Read "The Mouse" by Kate Ferguson at Wordlegs, a very well done online journal with poetry, short stories, flash fiction, reviews and other interesting features. It has been up for three years now and looks like a great source of interesting material. It is hosted in Ireland and most of the writers, not all, are Irish. It is free, come out four times a year and I am happy to be a new subscriber.
Ferguson has a very interesting webpage.
I really like this story a lot. It reminded me of something one of my favorite short story writers, Katherine Mansfield, might have written in her younger days. I thought the short showed tremendous emotional intelligence.

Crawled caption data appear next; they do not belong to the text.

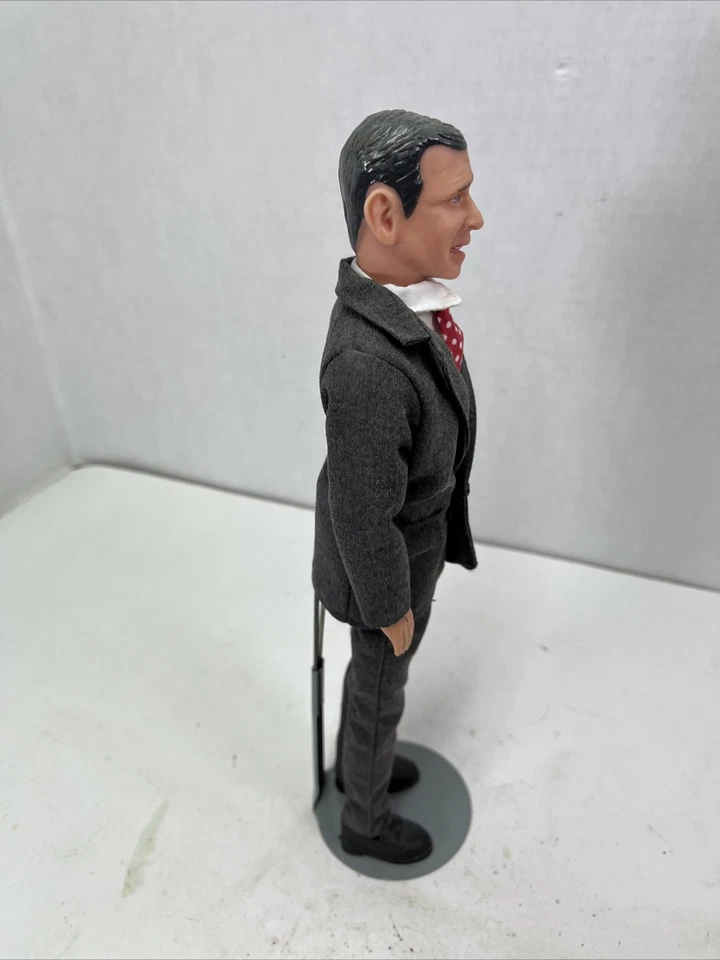 Presidential Action Figure President George W. Bush Foto 2 de 4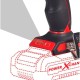Einhell Professional Akku-Schlagbohrschrauber TP-CD 18/60 Li- i BL - Solo, 18Volt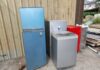 รับซื้อ ตู้เย็น เก่า ในพื้นที่ จังหวัด ชลบุรี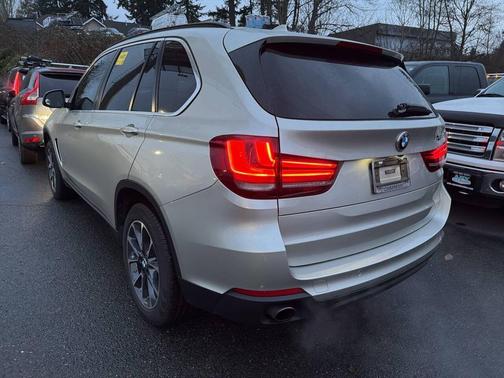 2014 BMW X5 xDrive35i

I hope one day to read a collection of her short stories and I would not be surprised if someone should host an Irish Short Story Week twenty years from now to see her as one of the highly regarded writers of the day. I certainly hope so!
Let me know if you have a suggestion for a writer who I might feature this week.
"How this week should have been started on Day One, tell Joseph Sheridan Le Fanu, thanks for letting me loose for this event"-Carmilla |
Mel u
3 comments:
Mel, what a coincidence that you should feature short stories by Irish women authors. This morning I came across an anthology of short stories by (six, I think) Irish women authors at a used bookstore. I could pinch myself for not picking it up. I intend to go back first thing tomorrow.
Great idea Mel, also will add wordlegs to my Pomesallsizes page, thanks.
Mel, this is a wonderful addition to Irish Short Story Week. The story sounds terrific! Interestingly, I just posted about a short story by an Irish woman author (is there a special link I should include in my post to Irish Short Story Week?).